私の場合日本での他に2年半以上をアメリカとイタリア、短期間ながら豪州やNZで借家をして住んだ。

  1958-60年は百万都市クリーブランドの大学院にいた。旧市街の大学や公園近くの、使用人用も含め十部屋以上ある大豪邸地区に、裕福な有色人種が入居し価値下落前にと郊外転居した後、学生向けに格好の貸部屋群となりそこに住んだことや、大学院の友人2人とイタリア人街の2食付き下宿もし、最後の1年は留学して来た今の家内と結婚し人種差別で苦労したがアパート住まいもした。

  住まいについての1950年後半に就職した我々の年代はその時々で大きく変わった。就職し結婚しても住宅難で、企業では社宅制度があったが勤続年数が不足でそれではと営業開始直後の公団住宅と思ったが、抽選で入れず借家しかなく一軒家を購入するなどは想像もできなかった。その後高度成長期には社宅も充実したが1973年の石油ショック以降は世の中が一変し、社宅制度から持ち家制度に変わり、退職金返済の借金で夢だった自分の持ち家が初めて実現した。私の場合も51歳で1976年に文字通り「終の住処(ついのすみか」を得た。

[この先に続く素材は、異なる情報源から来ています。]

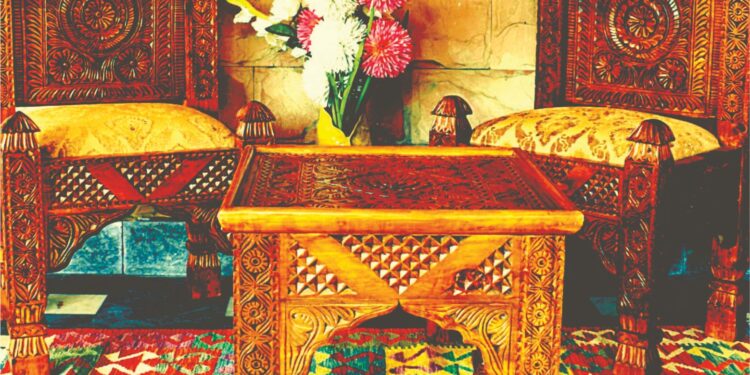 The Trade Development Authority of Pakistan (TDAP) is organizing the Swat Trade Show 2024,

しかし、早期退職で関西の大学に勤務することとなり、今度こそ終の住処と一応老後も考え駅から歩ける限度で高台の景色も楽しめる1軒にこれも退職金を抵当に何とか建て、庭や垣根など楽しんだがそれらも次第に苦なってきた。74歳で退職した後、2010年に静岡のタワービルの高層階に転居し、終の棲家(ついの住みか)として静岡市内の最寄り駅から徒歩5分という便利な立地にあるマンションを選び、今にいたる。